Frau Präsidentin, liebe Kolleginnen und Kollegen! Wir legen heute einen Gesetzentwurf vor, der die Förderung von Kindergärten mit gemeindeübergreifendem Einzugsgebiet gesetzlich regeln soll.
Das ist übrigens der gleiche Gesetzentwurf, den wir schon bei der Novellierung des Kindergartengesetzes 2004 eingebracht haben. Schon damals haben wir darauf hingewiesen, dass durch das neue Kindergartengesetz Einrichtungen mit gemeindeübergreifendem Einzugsgebiet eklatant benachteiligt sind.
Einrichtungen mit gemeindeübergreifendem Einzugsgebiet sind vor allem Wald- und Naturkindergärten, Waldorfkindergärten, Montessori-Kindergärten, Kindertagesstätten von kommunalen und von kirchlichen Trägern, aber auch Betriebskindergärten und Tageseinrichtungen an der Universität.
Ein Beispiel: Allein in Stuttgart sind 600 Kinder aus anderen Gemeinden untergebracht. Für diese 600 Kinder aus anderen Gemeinden bezahlen die Wohnortgemeinden keinen Cent an die Kommune. Deshalb hat die Stadt Stuttgart zusammen mit allen vier Fraktionen eine Resolution verfasst und die Landesregierung aufgefordert, das Gesetz in dieser Hinsicht nachzubessern.
All diese Einrichtungen mit gemeindeübergreifendem Einzugsgebiet haben durch das neue Kindergartengesetz ihren bisherigen Rechtsanspruch auf einen Landeszuschuss verloren. Stattdessen enthält das Gesetz jetzt nur eine Kannregelung. Sie wissen ja, dass die im Kindergartengesetz verankerte Rahmenvereinbarung keine Rechtskraft, sondern nur empfehlenden Charakter hat.

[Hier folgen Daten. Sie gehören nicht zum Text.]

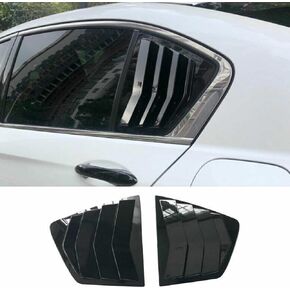 XITER 2PCS ABS Carbon Fibre Racing Style ABS Rear Side Window Louvers Air Vent Scoop Shades Cover Blinds for Honda Civic 9th Sedan 2012-2015 (Carbon Fiber BLACK)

Im April 2005 wurde vom Paritätischen Wohlfahrtsverband zusammen mit den kommunalen Landesverbänden und dem Sozialministerium eine gemeinsame Empfehlung für eine Mindestfinanzierung erarbeitet, die aber wiederum rechtsunverbindlich ist und somit keine Wirkung zeigt.
Nachweislich weigern sich weiterhin viele Kommunen, für Kinder aus ihren Kommunen zu zahlen. Deshalb muss zur künftigen Sicherung der gemeindeübergreifenden Einrichtungen ein Rechtsanspruch auf Mindestfinanzierung gegeben sein. Nur damit lassen sich auch die gesetzlich verankerte Trägervielfalt mit Wahlfreiheit der Eltern und die Verbindung mit einer ehrenamtlichen Trägerschaft verwirklichen. Mein Vorredner hat ja schon darauf hingewiesen, dass in vielen dieser Einrichtungen tatsächlich auch ein großes Maß an ehrenamtlichem Engagement besteht und die Arbeitsbedingungen für die Erzieherinnen und Erzieher zum Teil nicht mit denen in anderen Einrichtungen vergleichbar sind.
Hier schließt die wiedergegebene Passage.